You can already visit http://localhost:5000


Loading Example Dataset

The original dataset was published by Ogura et al. (2019) [1].
The only changes made were the conversion from XLSX to CSV and the filtering out of all molecules with invalid valences.

In [5]:
df = pd.read_csv('datasets/example_dataset_hERG.csv', names=['smi', 'act'], header=0)
print(len(df))
df.head(2)
190464
Out[5]:
smi act
0 CCOC(=O)C1CCN(CC1)C(C)C(=O)c2c(C)[nH]c3cc(C)ccc23 1
1 COc1ccc(NC(=O)N2CCC3(CCN(C)CC3)CC2)cc1F 1
In [6]:
df.act.value_counts()
Out[6]:
0    184044
1      6420
Name: act, dtype: int64

=> Very unbalanced dataset

Perform Undersampling Based on MolWt and LogP

In [7]:
def data_from_smi(smi):
    mol = Chem.MolFromSmiles(smi)
    mw_logp = Descriptors.MolWt(mol) / 100 * Crippen.MolLogP(mol)
    return mol, mw_logp
In [8]:
if OS == 'Windows':
    res = np.array(list(map(data_from_smi, df.smi)))
else:
    with Pool(num_cores) as p:
        res = np.array(p.map(data_from_smi, df.smi))
df['ROMol'], df['mw_logp'] = res[:, 0], res[:, 1]
df.sort_values('mw_logp', inplace=True)
In [9]:
act0 = df.query('act == 0').reset_index(drop=True)
ix = np.linspace(0, len(act0) - 1, num=len(df) - len(act0), dtype=np.int32)
df = pd.concat([df.query('act == 1'), act0.loc[ix]])
df.act.value_counts()
Out[9]:
1    6420
0    6420
Name: act, dtype: int64

Calculating Morgan Fingerprints (FCFP6)

In [10]:
def mol_to_FCFP6(mol):
    fp = Chem.GetMorganFingerprintAsBitVect(mol, radius=3, nBits=2048, useFeatures=True)
    ar = np.empty(2048, dtype=np.uint8)
    ConvertToNumpyArray(fp, ar)
    return ar
In [11]:
x_data = np.array(list(map(mol_to_FCFP6, df.ROMol)))
x_data.shape
Out[11]:
(12840, 2048)

Split Into Training and Test Datasets

In [12]:
y_data = np.array(df.act)
x_train, x_test, y_train, y_test = train_test_split(x_data, y_data,
                                                    test_size=0.1,
                                                    stratify=y_data,
                                                    random_state=random_seed,
                                                    shuffle=True)

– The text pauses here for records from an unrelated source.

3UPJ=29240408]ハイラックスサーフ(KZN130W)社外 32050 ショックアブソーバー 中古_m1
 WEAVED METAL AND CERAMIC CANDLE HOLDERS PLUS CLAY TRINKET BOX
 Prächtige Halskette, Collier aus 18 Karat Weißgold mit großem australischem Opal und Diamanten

Optimize models with Optuna and Track Results with MLflow

In [13]:
# Activate autologging for Scikit-learn
mlflow.sklearn.autolog()

Scikit-Learn Random Forest (with auto logging)

If you want to avoid having duplicated parameter sets you need to uncomment the commented code lines

In [14]:
# seen_param = []

def rf_obj(trial):
    param = {
        'n_estimators': trial.suggest_int('n_estimators', 50, 1000, step=50),
        'max_depth':    trial.suggest_int('max_depth', 1, 20),
        'criterion':    trial.suggest_categorical('criterion', ['gini', 'entropy']),
        'max_features': trial.suggest_categorical('max_features', ['auto', 'sqrt', 'log2', None]),
        'random_state': random_seed,
        'n_jobs':       num_cores,
    }
    # if param in seen_param:
    #     raise optuna.exceptions.TrialPruned()
    # else:
    #     seen_param.append(param)
    metrics = {}
    model = RandomForestClassifier(**param)
    with mlflow.start_run():
        model.fit(x_train, y_train)
        metrics['test_kappa'] = cohen_kappa_score(y_test, model.predict(x_test))
        metrics['training_kappa'] = cohen_kappa_score(y_train, model.predict(x_train))
        mlflow.log_metrics(metrics)
    return metrics['test_kappa']
In [15]:
# Creates a new MLflow experiment and set it as active
mlflow.set_experiment('hERG Random Forest')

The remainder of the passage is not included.